I still remember my time in high-school. I have fond memories. I had many friends and got along with my peers. I was liked and respected by my peers and teachers. But I realize in retrospect that I had an unhealthy body image, one that contributed to me gaining so much weight in the last decade. I truly believed that I was fat and I wasn’t. I wasn’t thin, I wasn’t the prototypical “hot” girl for sure but it bothers me to recognize that I felt less so than some of my peers that I now come to realize didn’t look that much different than I did.

Why do we have these crazy body image problems? I wish I knew. I wish I had realized I had them so that I would have done something about it. I wish, I wish, I wish.

It’s been almost 20 years since that picture was taken and I finally have an appropriate view of my body. In fact, recognizing where I was was crucial in getting me to work towards where I want to be. Although I still cringe when someone asks me how much I weigh (this only happens when it’s appropriate to ask), I make an effort to share it out loud. I own my number, I own my body, and I own my process. I have to be thankful too for this body which I had totally abused with little exercise and too much fatty “fake” food, and it still kept going. Now, halfway through my journey to a healthy weight and on a lifetime journey of keeping myself healthy I see how my body rewards me for treating right.

Dear 17 year-old me, Stop worrying… you look great… enjoy life, many adventures await you.

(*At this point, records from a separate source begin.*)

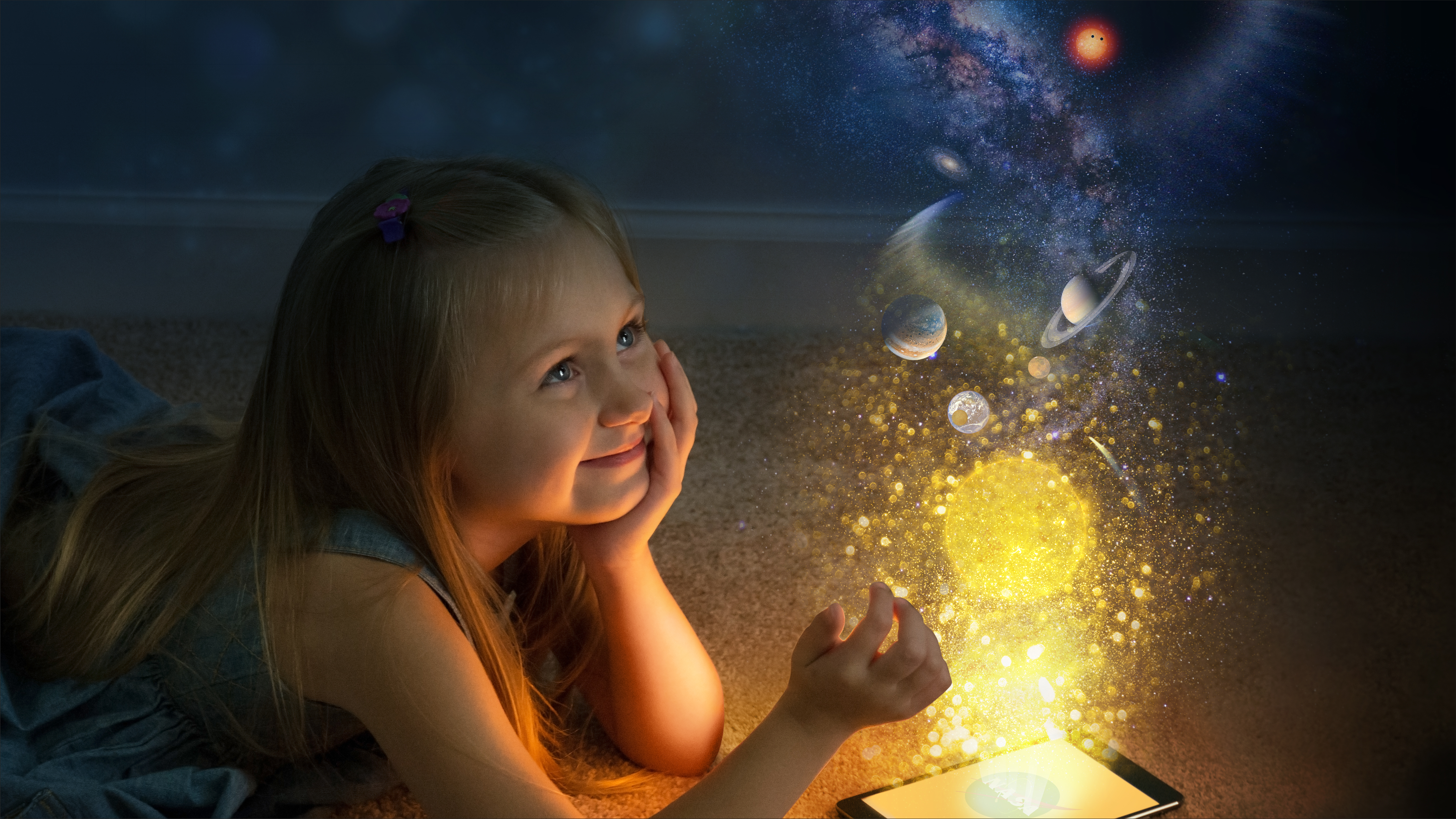 Little girl looking at a magical swirl of planets and galaxies.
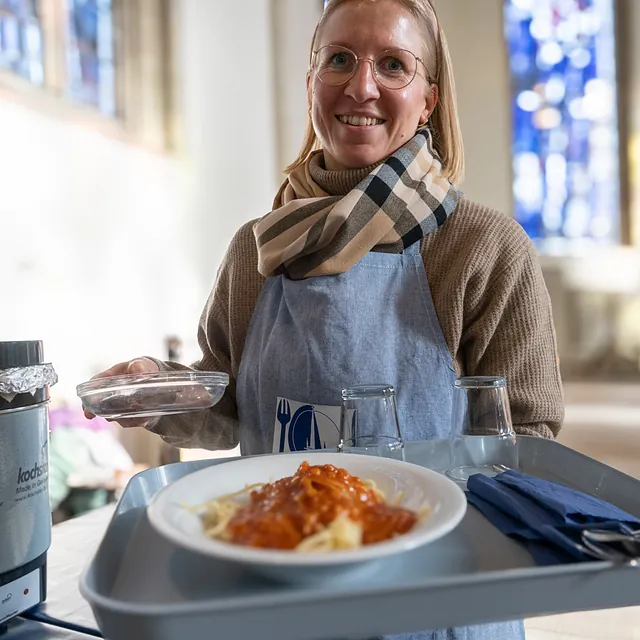 Frau trägt Tablett mit Essen
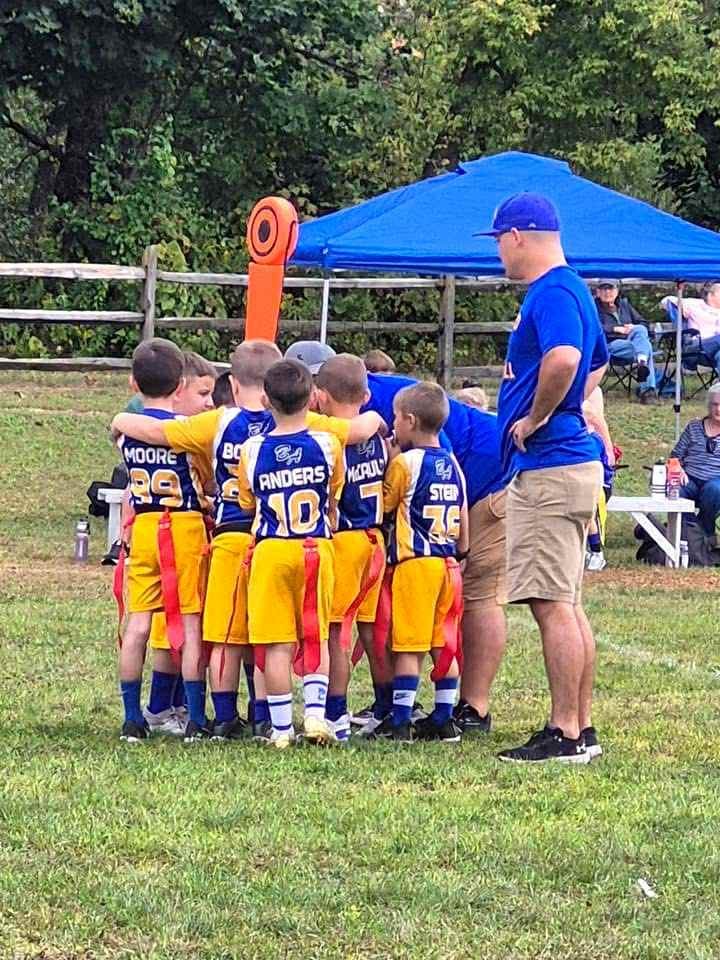 Zach McCaulley stands with his team at a BAYFL flag game earlier this year.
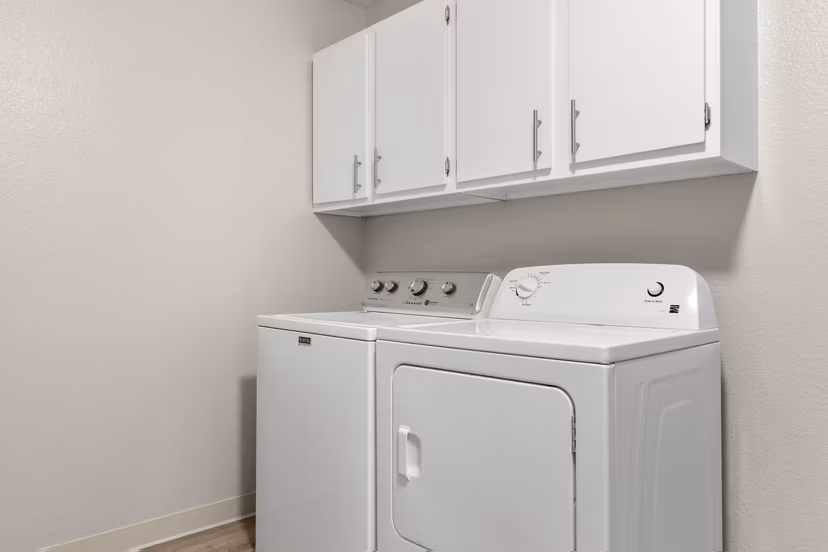 Laundry room featuring modern appliances at Kalaeloa Rental Homes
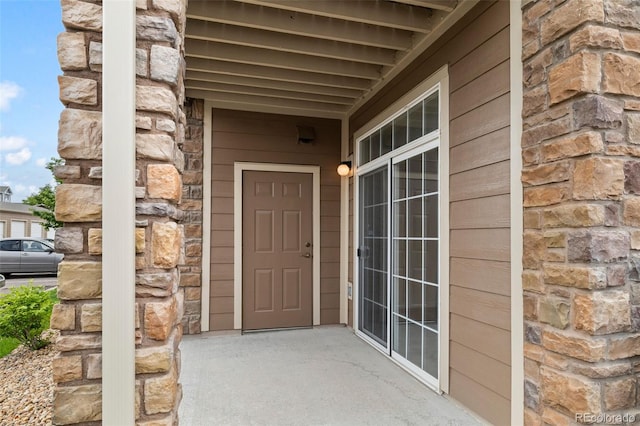 7440 S Blackhawk St Unit 2-108, Englewood, CO 80112 - doorway to property featuring stone siding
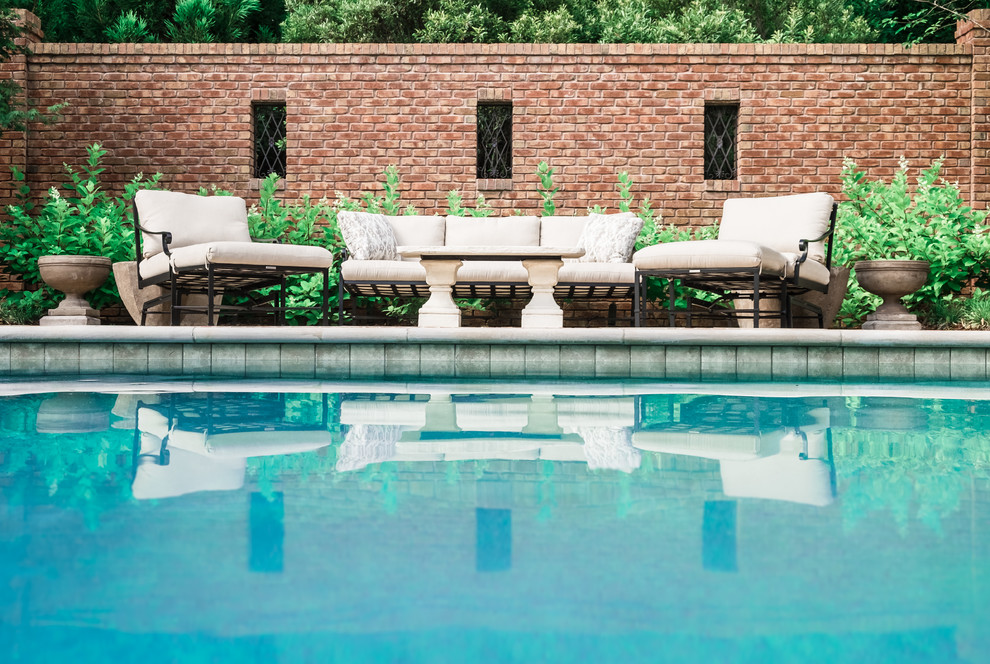 Immagine di una grande piscina naturale eclettica personalizzata dietro casa con una vasca idromassaggio e pavimentazioni in pietra naturale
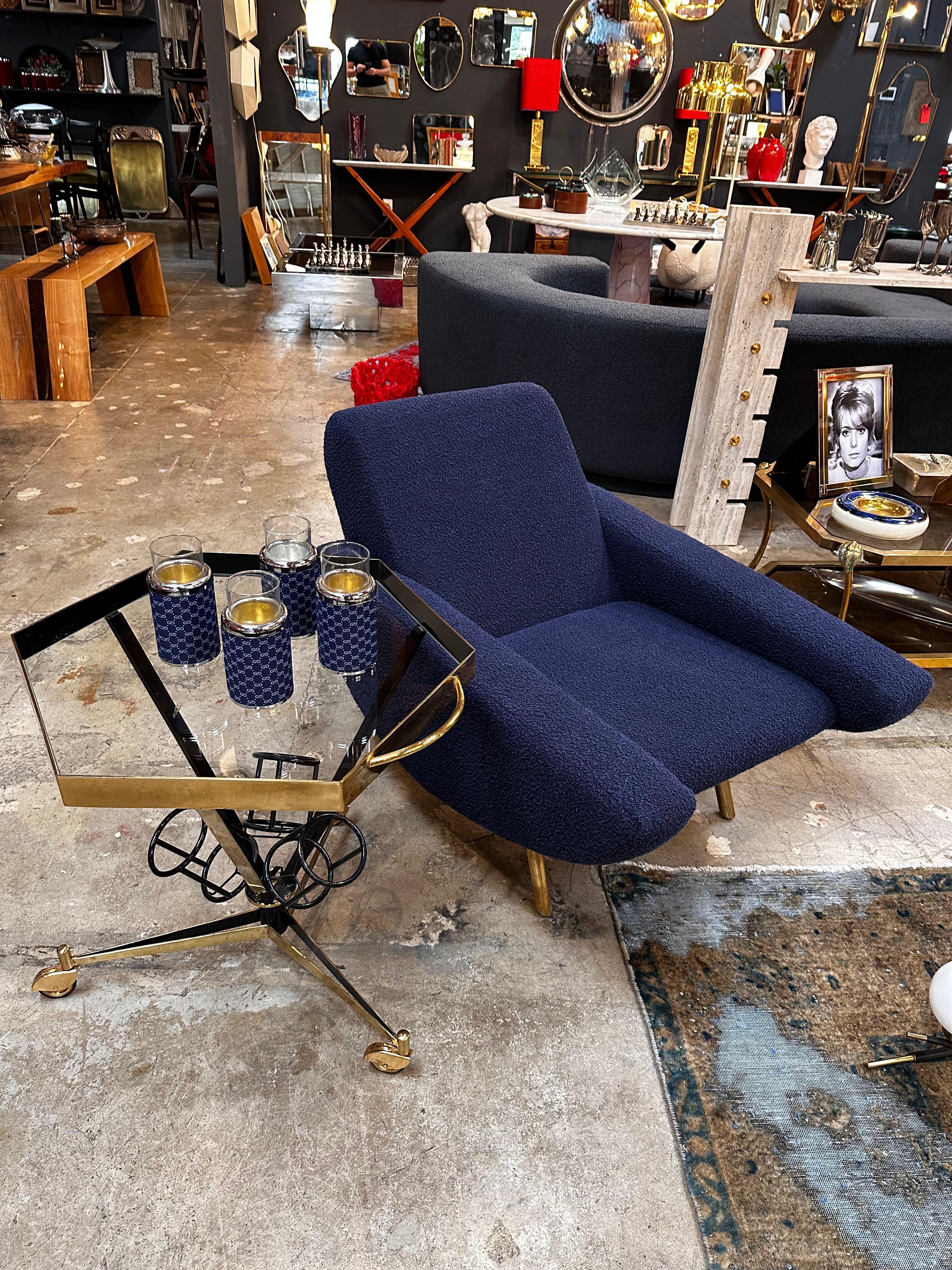 The Mid Century Modern Italian Bar Cart from the 1960s, featuring brass tires and a metal frame with a 3-bottle holder, is a stylish and functional piece of vintage furniture. Its design perfectly encapsulates the mid-century aesthetic with clean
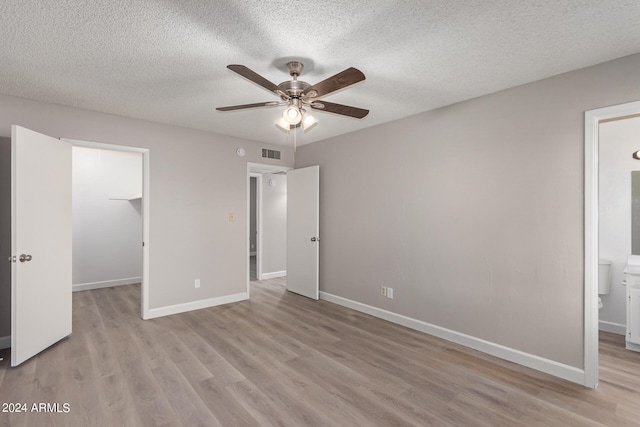 unfurnished bedroom with ceiling fan, a textured ceiling, light hardwood / wood-style flooring, a spacious closet, and ensuite bath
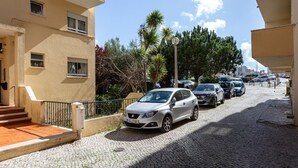 Una calle con coches aparcados, un edificio con balcón y cielo despejado.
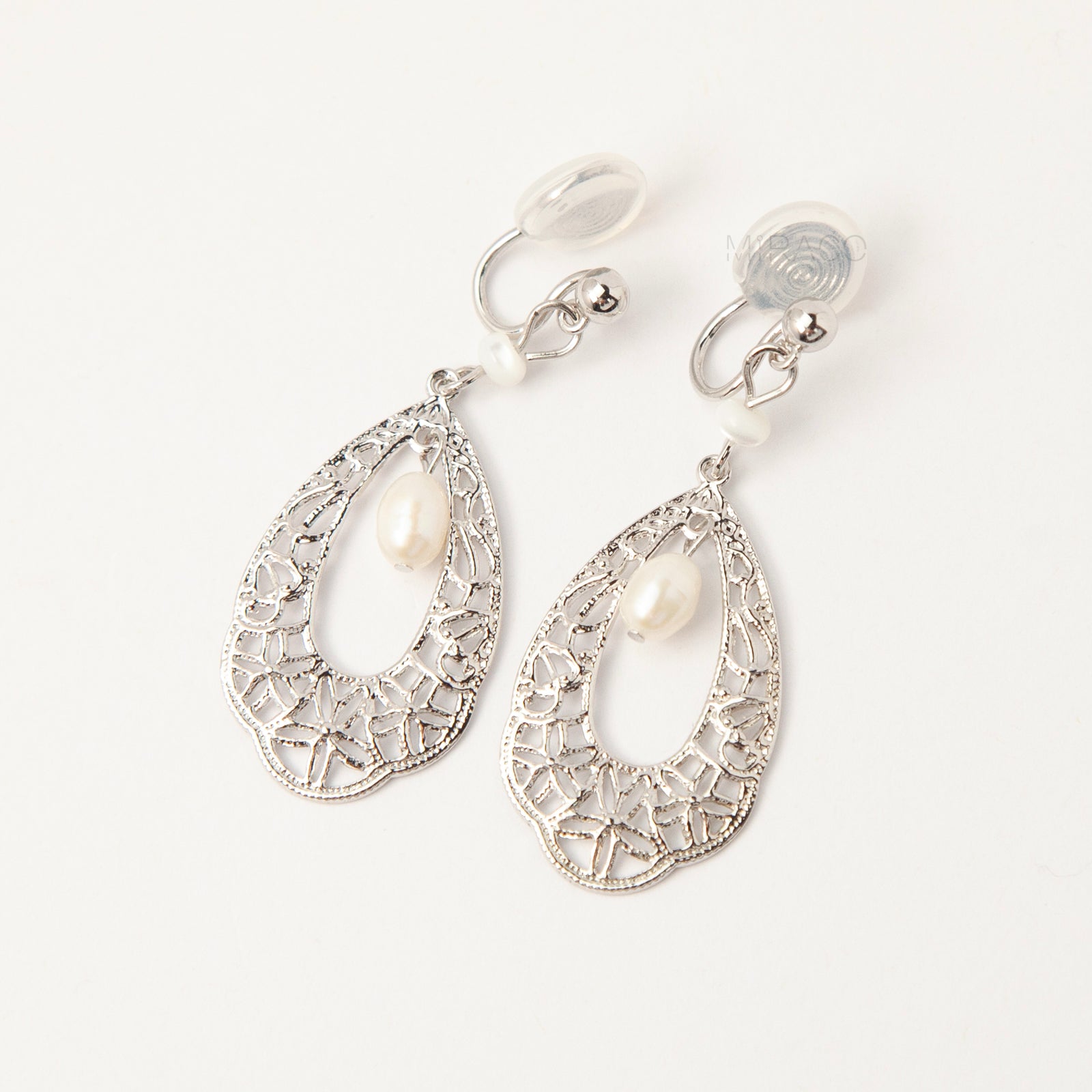 Silver filigree teardrop clip-on earrings with freshwater pearl drop and comfortable coil back for non-pierced ears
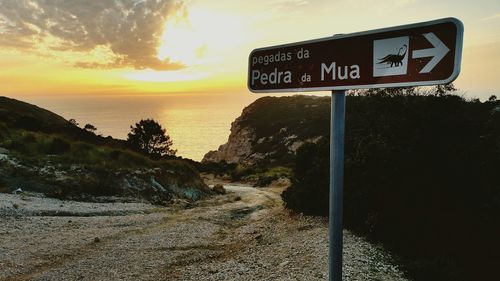 Road sign by sea against sky during sunset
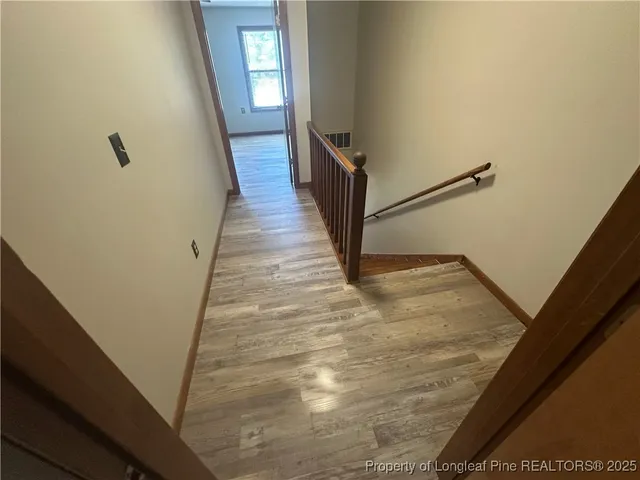 a view of a hallway with wooden floor and staircase
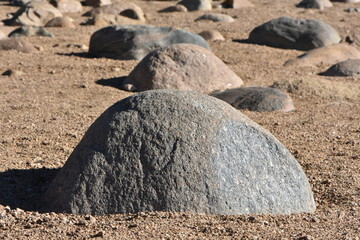 Weathered Boulders in Sand of Beach Area, Geology Rocks
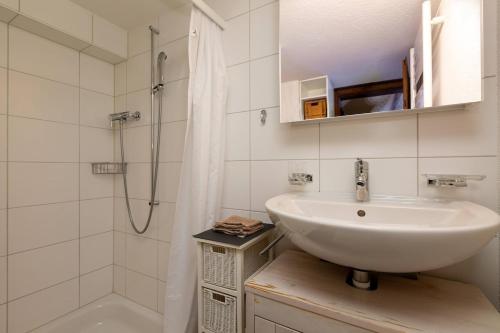 a white bathroom with a sink and a shower at Charming Swiss Lake View studio apartment in Wädenswil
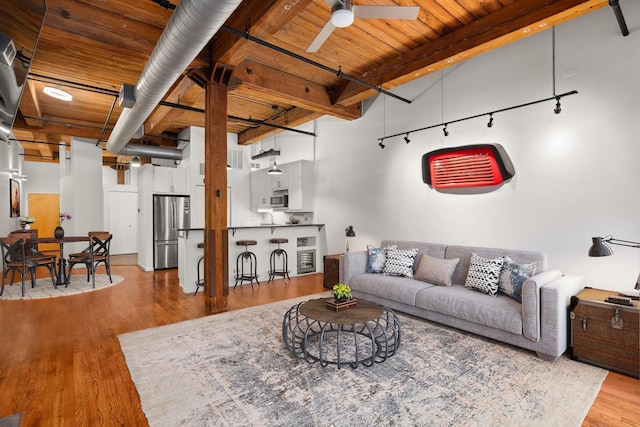 living area with beamed ceiling, wood finished floors, a towering ceiling, wooden ceiling, and ceiling fan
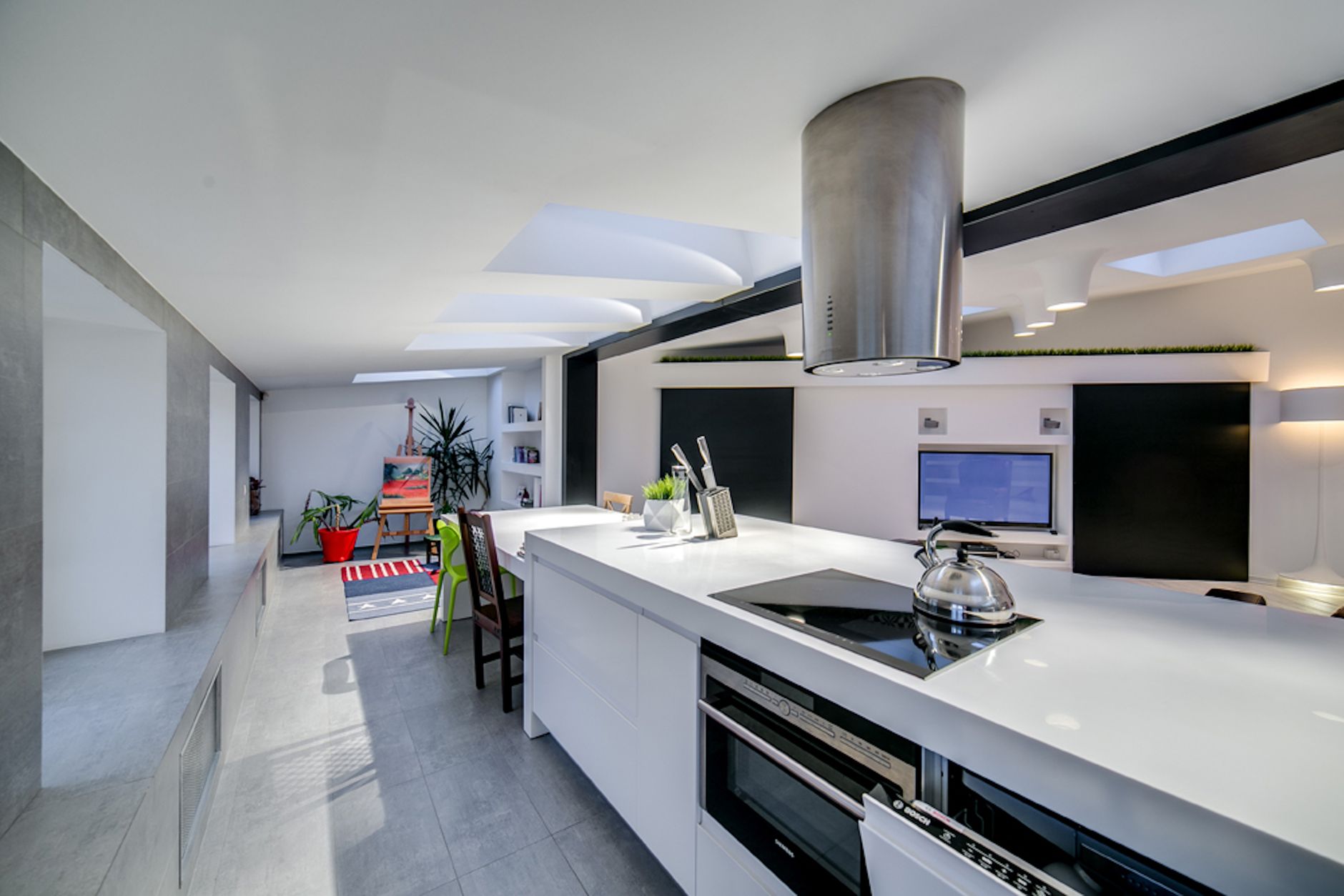 Bright and modern kitchen featuring open space design with sleek white surfaces and natural lighting.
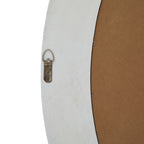 Rear detail of the mirror showing the pale frame, brown backing, small retaining tabs and a metal loop hanger attached with three screws.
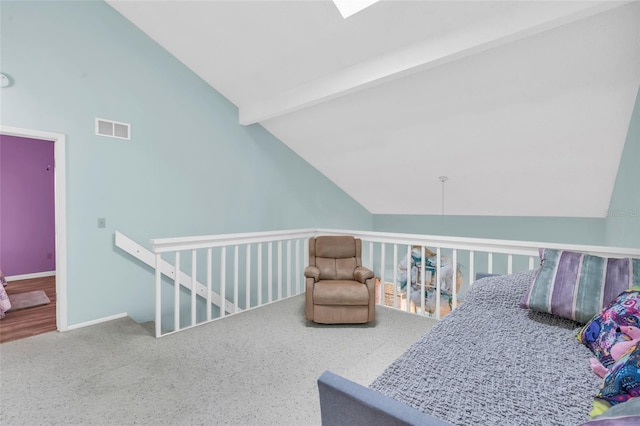 bedroom featuring carpet floors and lofted ceiling with beams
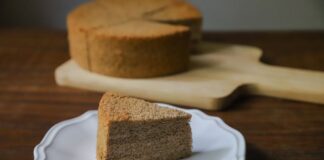 A slice of moist sponge cake on a white plate, perfect for dessert indulgence.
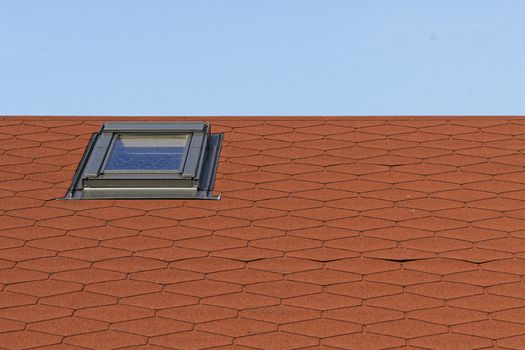 Part of the red roof with sunroof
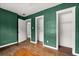 Bedroom showcasing green walls, hardwood floors, and closet space, providing a comfortable retreat at 2312 Corrine Dr, Orlando, FL 32803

I wish I could say that to her. I wish someone would have said that to me. Alas, I have had great adventures but I have also missed out on things for not thinking that I was good enough. It’s never too late to turn it around though. This process has not only giving me back my health but I’ve learned again to love myself and be happy with who I am. Don’t like something? Change it, WE CAN CHANGE! How awesome is that!